A legislação brasileira optou pela política pública de doação de órgãos para transplantes pautada na autorização da família. Não há no País doação de órgãos decorrente de autorização expressa ou presumida do falecido. Por isso, existindo a viabilidade técnica para a retirada de órgãos, a equipe de remoção e transplante deverá consultar a família do falecido para obter o consentimento. Ou seja, ainda que o falecido tenha deixado declaração pública assinada em cartório autorizando a doação de seus órgãos, a lei confere aos familiares a decisão final e inquestionável.

Esse modelo normativo é prejudicial à política pública de doação de órgãos no País. Segundo os dados da Associação Brasileira de Transplante de Órgãos (ABTO), 46% das possíveis doações são recusadas por familiares. Em decorrência dessa elevada negação, o Brasil, conforme aponta o Ministério da Saúde, possui 66.273 pessoas na fila de espera por um órgão. Essa modelagem – concordância da família – é ultrapassada e ineficiente. Por isso, é preciso que o Congresso Nacional reexamine a matéria, para alterar a legislação em vigor.

Os deputados federais Fernando Marangoni e Mauricio Carvalho apresentaram projeto de lei n. 1774/2023, no qual sustentam que a autorização do falecido para a doação de seus órgãos deve ser presumida. Ou seja, caso o falecido não deixar declarada a sua recusa, a presunção legal seria pela efetivação da doação de seus órgãos, independente de autorização de familiares. Nessa hipótese, o Estado estaria autorizado a realizar a retirada post mortem de tecidos, órgãos ou partes do corpo humano do falecido para destiná-los à realização de transplante. Essa modelagem legal pode causar conflitos com familiares, que poderão tentar resistir ao consentimento presumido dos doadores.
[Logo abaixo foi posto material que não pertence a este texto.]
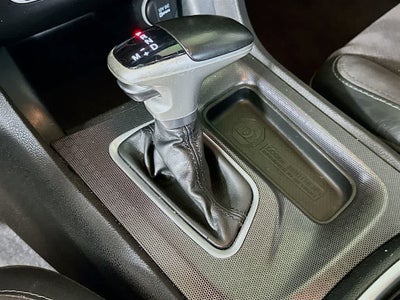 2017 Dodge Charger R/T Scat Pack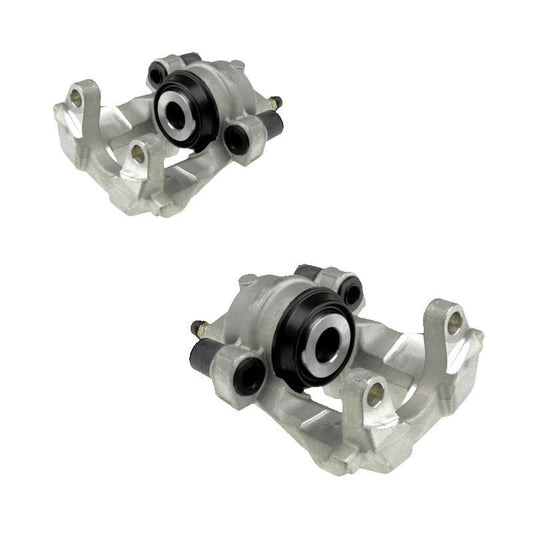 Mercedes E-Class W211, W212 2002-2009 Rear Pair Brake Caliper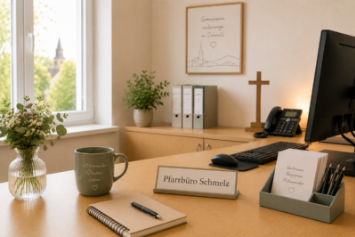Stellenangebot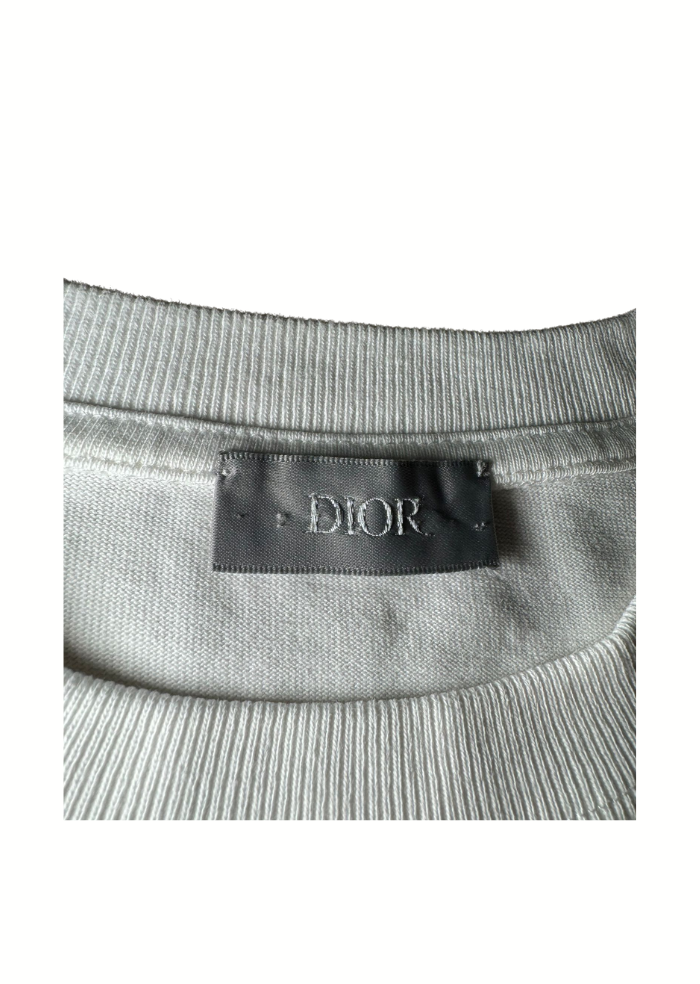 DIOR X JORDAN T-SHIRT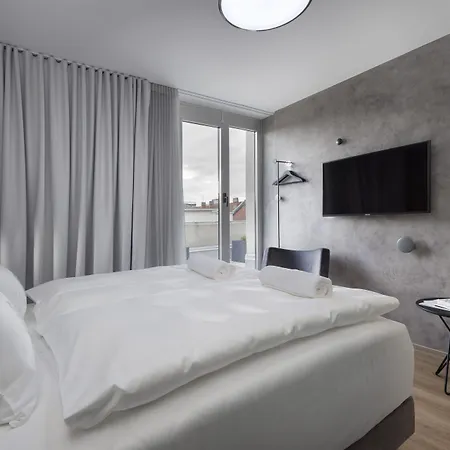 호텔 Ibis Styles Centre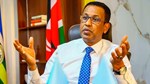 Soomaaliya oo walaac ka muujisay khatarta ka dhalan karta weerarada Xuutiyiinta ee maraakiibta mara Badda Cas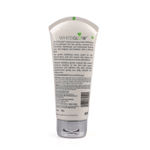 Buy Lotus Herbals Whiteglow Oatmeal & Yogurt Skin Whitening Scrub, 100 gm - Purplle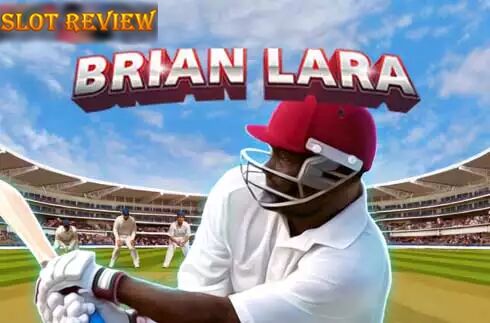 Brian Lara Sporting Legends slot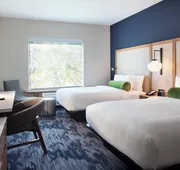 Fairfield Inn & Suites by Marriott Wellington-West Palm Beach hotel detail image 4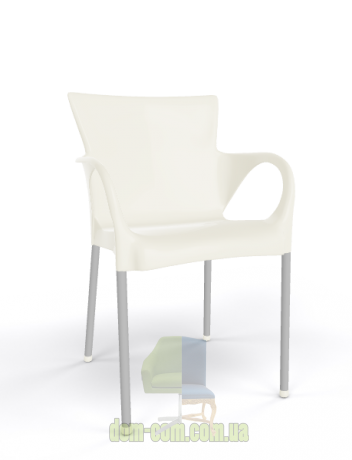 Красивый универсальный стул Gaber BEVERLY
O Congresso Nacional precisa adotar outro critério legal. O mais adequado é estabelecer a escolha obrigatória mediante uma simples inclusão da informação na carteira de motorista. Este teria que marcar um X para apontar se quer ou não ser doador de órgãos. A expedição da primeira habilitação ou a sua renovação não seria aceita caso o motorista não marcasse uma alternativa – quer ou não ser doador.

Nesse modelo legal, depois que o motorista dá seu consentimento pela doação de seus órgãos, não é necessário o consentimento da família para que o seu desejo humanitário seja cumprido após a sua morte. Portanto, é urgente que seja reformado o modelo normativo brasileiro de doação de órgãos, para que milhares de vidas humanas que se encontram na fila de doação sejam salvas, respeitando sempre a escolha obrigatória deixada pelos falecidos.